Trying to import a value into the state, the following error appears:

╷
│ Error: Invalid for_each argument
│ 
│   on managementhost/main.tf line 34, in data "aws_subnet" "private_subnets":
│   34:   for_each = var.private_subnets
│     ├────────────────
│     │ var.private_subnets is a map of dynamic, known only after apply
│ 
│ The "for_each" map includes keys derived from resource attributes that cannot be determined until apply, and so Terraform cannot determine the full set of keys that will identify the instances of this resource.
│ 
│ When working with unknown values in for_each, it's better to define the map keys statically in your configuration and place apply-time results only in the map values.
│ 
│ Alternatively, you could use the -target planning option to first apply only the resources that the for_each value depends on, and then apply a second time to fully converge.
╵

Test Environment

The stack intends to provide a bare-minimum boilerplate AWS environment with VPC, networking and a management host (jump host, bastion host) for tests, which can easily be deleted and created at will. Alongside, an AWS-managed DNS zone ("Route 53 zone") is managed, with DNS entries e.g. for the management host. As this "zone" resource is very cheap to keep, but needs some effort to configure on the domain above, it is kept beyond the lifecycle of that terrafrom stack.
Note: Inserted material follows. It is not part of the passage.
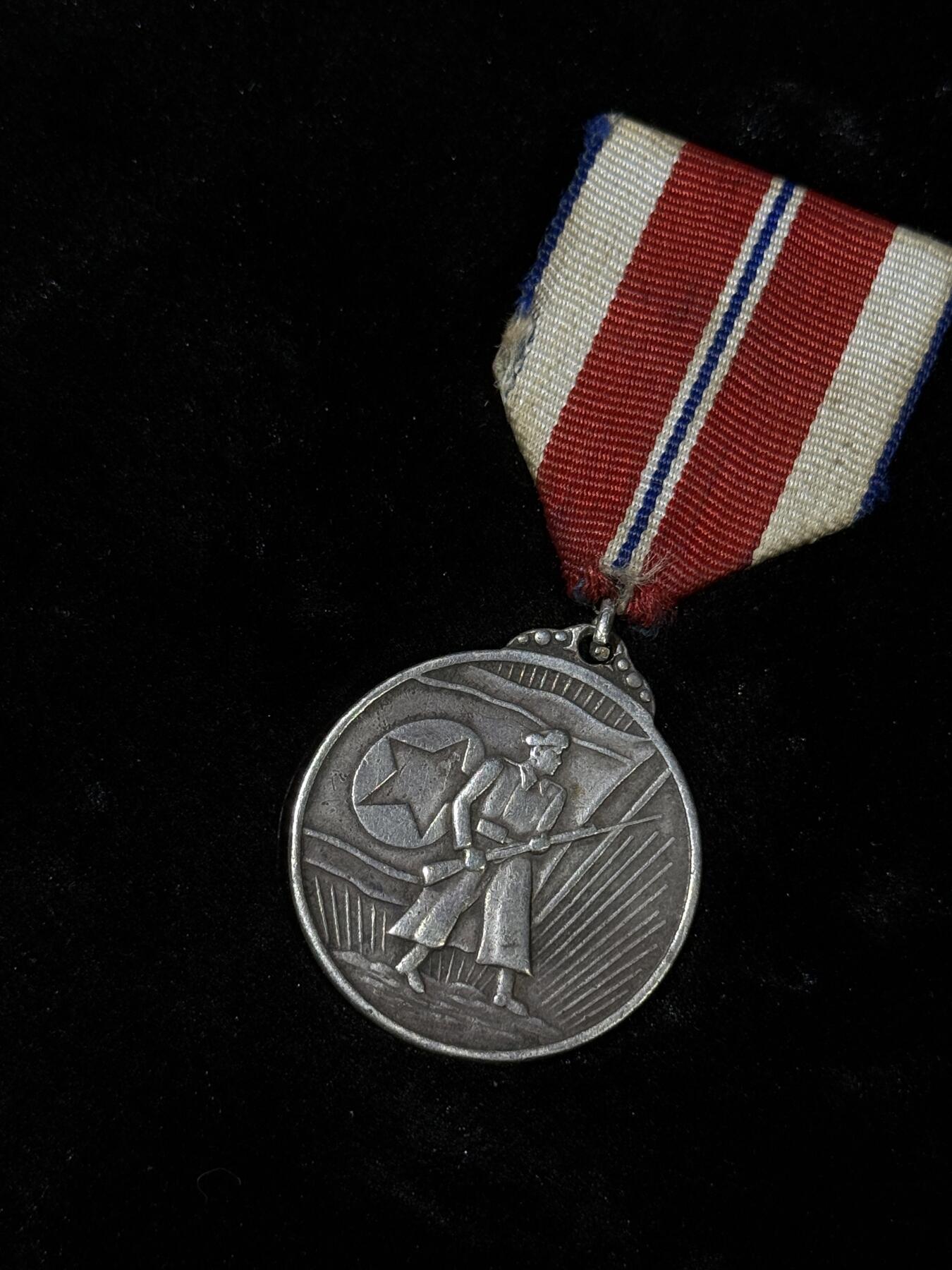 戎马世界章牌大赏第110期 朝鲜军功奖章，早期银制版本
So before running terraform apply, the ID of that zone is imported into the state, and before terraform destroy, it is removed from the stack.

Environment

Required is access to an AWS account, configured on the local machine for AWS CLI. Also we need the AWS CLI, terraform (1.3.0+) and jq.

Terraform is wrapped in the wrapper script ./terraform, which provides TF variables via environment variables.

Run prepare.sh first. It creates an AWS SSH keypair for the management host and stores it locally. It also creates the AWS S3 bucket for the terraform state. Finally, it creates said Route 53 zone outside of terraform, so it is already here for the import test.

Then, run import-test.sh, which tries to import the Route 53 zone ressource into the state, triggering the error message.

To clean up, run cleanup.sh to remove the keypair from AWS EC2, and local terraform state/provider files. The AWS Route53 zone must be removed manually.